A lot has happened since I last posted... I have another blog that chronicles my daily & family life, so I am still writing, just not on this here blog. Which is a shame. Now, more than ever, I NEED this blog. I need to be held accountable for my bad choices.

I just turned 34. Just, as in yesterday. Do you know what that means? That means that in less than 364 days I will be 35.

Do I really want to weigh this much at 35? Do I really want to be THIS unhealthy at 35?
No.
I don't.

I thought about starting a new blog [again] to document this next year of my life... but I think I will stick it out with THIS blog.

I have to admit - that at the current time - I have NO idea how much I weigh. I know I am completely UP from what I weighed at the beginning of the year, and that makes me sad. I haven't changed any of my habits (good or bad), so old age must be kicking in.

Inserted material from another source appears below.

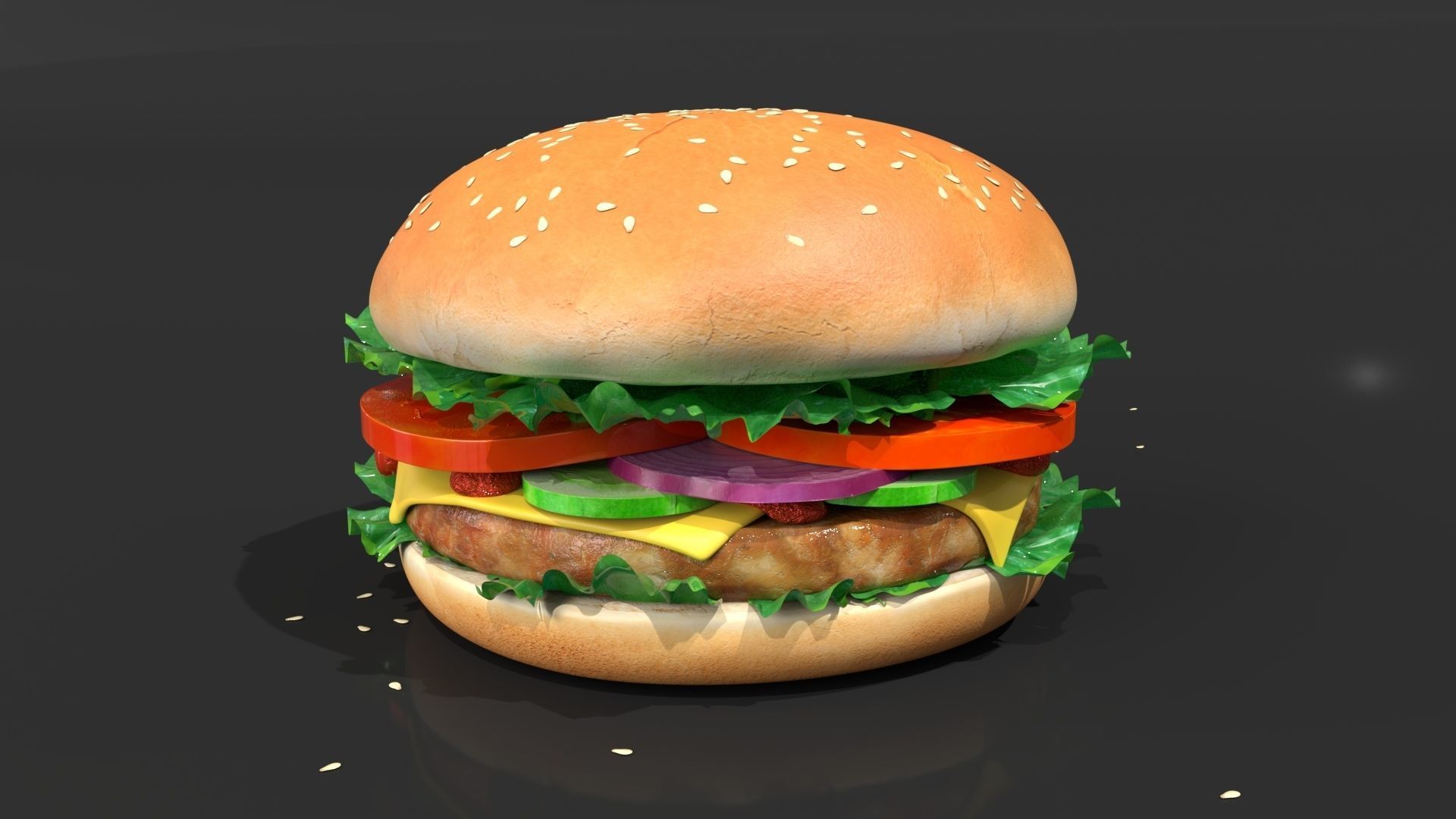 Burgers hamburger 3D model_3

When I went to the doctor last month with my husband, I jumped on the scale for a quick sneak peak: 270.
How is that possible!?

I can tell you, in the past, I've been happy with myself - no matter what I weighed. Sure, I hated clothes shopping. But my weight and health didn't stop me from being happy.

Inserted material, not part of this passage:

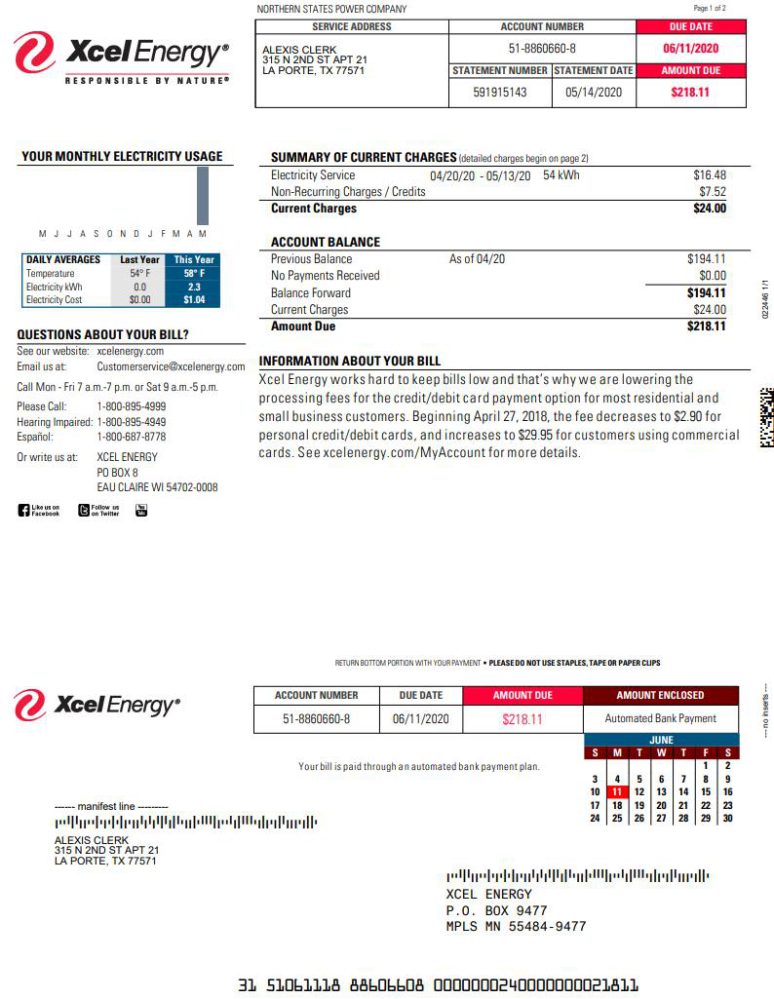 Xcel Energy Bill Template Xcel Energy Bill Template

But as of late (as in the past 2 weeks)... every time I see myself in my bathroom mirror - I stop, look, and laugh. LAUGH. I am laughing at myself; at the way I look. I look horrible. I've completely let myself go. My skin, my hair, my body, my health. All of it. Gone. I am surprised my husband hasn't kicked me to the curb. I laugh because I cannot believe how I've let myself go. I look like trash.

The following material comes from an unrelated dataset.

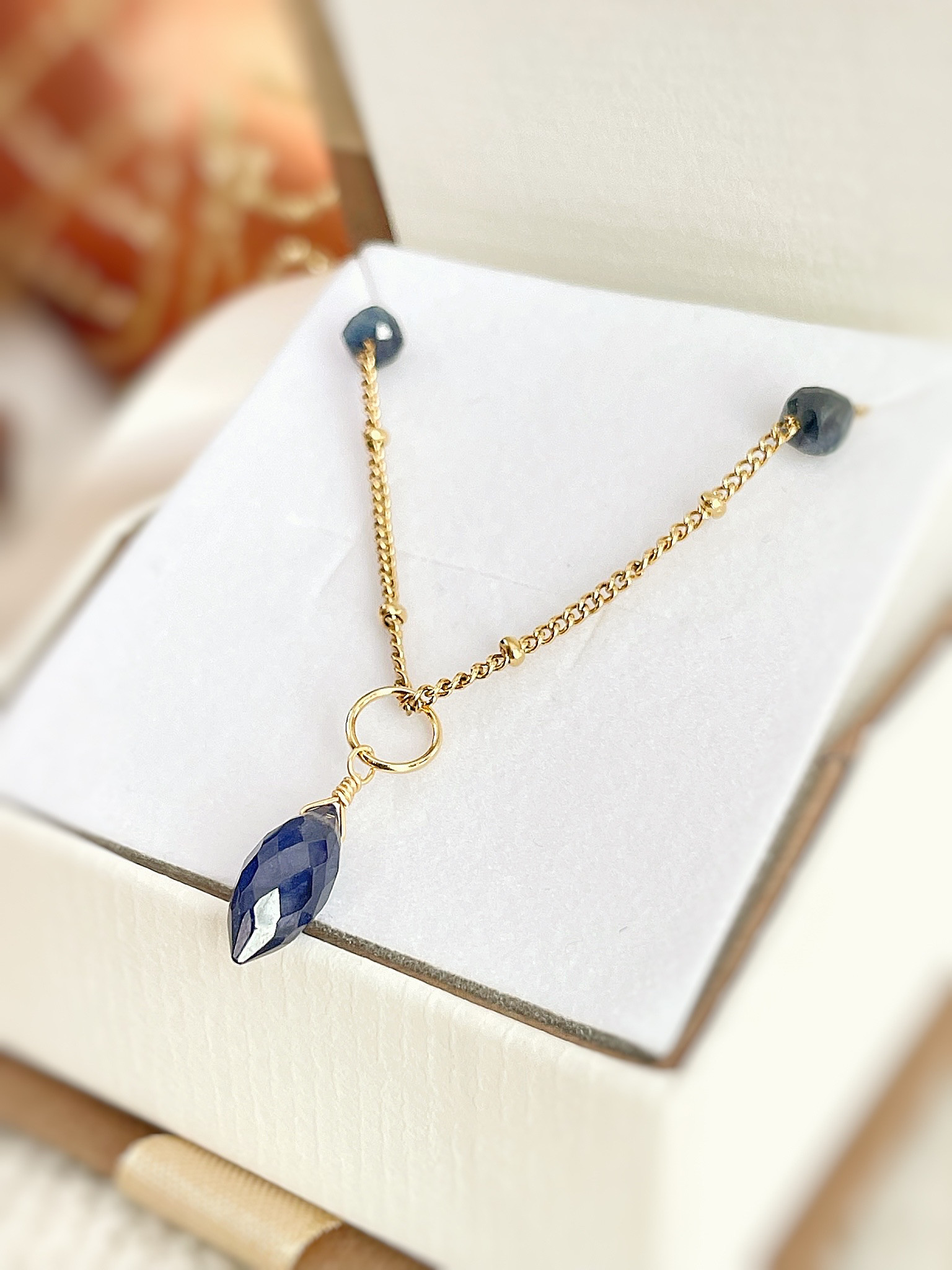 〈9月誕生石〉サファイアの天然石ネックレス｜誕生日プレゼント・ギフトに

I don't want to look like this. Part of it is that I work from home, so 5 days out of the week, I don't go anywhere... no need to get take a shower, get dressed or put make-up on. I've become incredibly lazy - which is horrible for a weight loss regime.

We just bought our first house, so I've been much busier the last three months - but lazy always wins. Any time I have a few spare minutes or hours, I am on the computer or in front of my television. I don't want to live like that.

I have a wonderful, beautiful family - my husband and three children. We can ALL benefit from changing our lifestyle (as I'm sure I've mentioned before).  My husband keeps stick-poking me to join WW again - for ALL of us. He's not happy with the weight he's put on.

So, I am starting there - going to check out WW; see what's up.

One way or another, we have to make this year - our 34th - our best year yet. We have TOO much to live for.  Why choose failure, when SUCCESS is an option?!